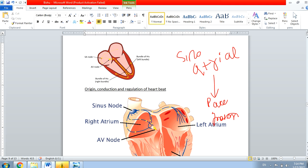After the SA node, the conduction leads to various parts of the heart, but first it reaches the AV node — the atrio-ventricular node. From the AV node it goes and ramifies into two branches. The first is called the left bundle branch and the other is the right bundle branch. The point where ramification occurs is called the Bundle of His.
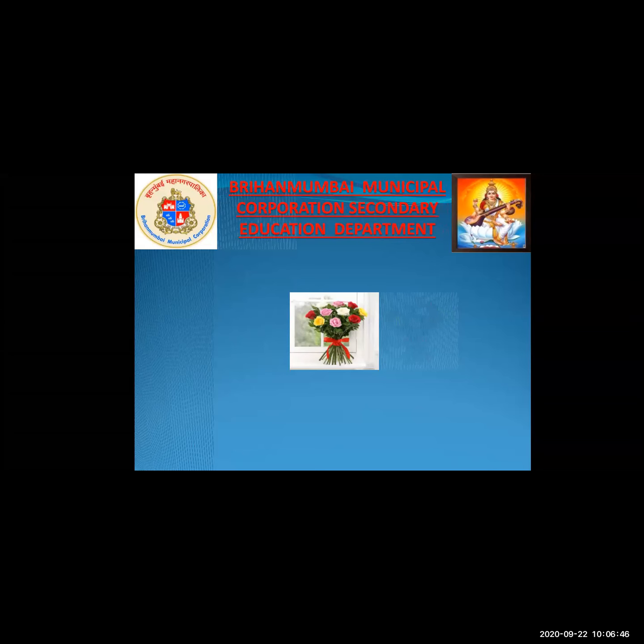Good morning, sir. Good morning, madam. Good morning, my dear students. Today, I welcome all of you in this lecture. I would like to introduce myself here. I am Priyanka Shivajirao Behire.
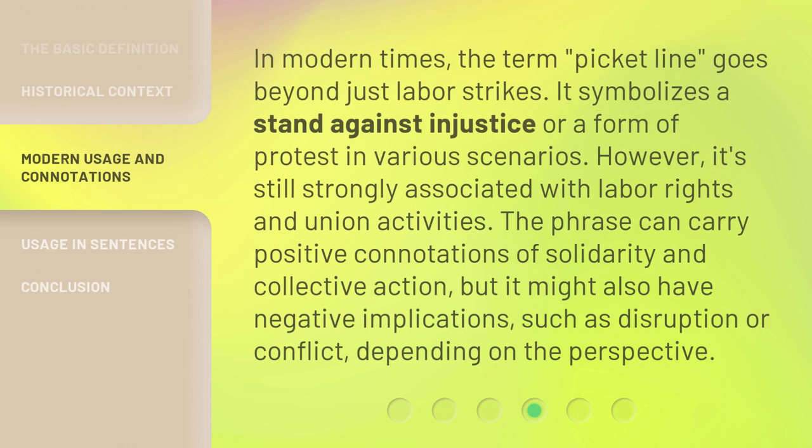In modern times, the term 'picket line' goes beyond just labor strikes. It symbolizes a stand against injustice or a form of protest in various scenarios. However, it's still strongly associated with labor rights and union activities. The phrase can carry positive connotations of solidarity and collective action, but it might also have negative implications, such as disruption or conflict, depending on the perspective.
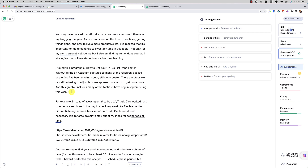I will say that I use Grammarly in Google Docs a lot, but the AI is not currently in Google Docs. Maybe it'll be coming — it's just not there right now.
────────────────────────────────────────
• WHAT IS BEING ASKED
Every line of the material must be returned exactly; leave the images out.

• RESULT FOR THIS EXERCISE
After the SA node, the conduction leads to various parts of the heart, but first it reaches the AV node — the atrio-ventricular node. From the AV node it goes and ramifies into two branches. The first is called the left bundle branch and the other is the right bundle branch. The point where ramification occurs is called the Bundle of His.
Good morning, sir. Good morning, madam. Good morning, my dear students. Today, I welcome all of you in this lecture. I would like to introduce myself here. I am Priyanka Shivajirao Behire.
In modern times, the term 'picket line' goes beyond just labor strikes. It symbolizes a stand against injustice or a form of protest in various scenarios. However, it's still strongly associated with labor rights and union activities. The phrase can carry positive connotations of solidarity and collective action, but it might also have negative implications, such as disruption or conflict, depending on the perspective.
I will say that I use Grammarly in Google Docs a lot, but the AI is not currently in Google Docs. Maybe it'll be coming — it's just not there right now.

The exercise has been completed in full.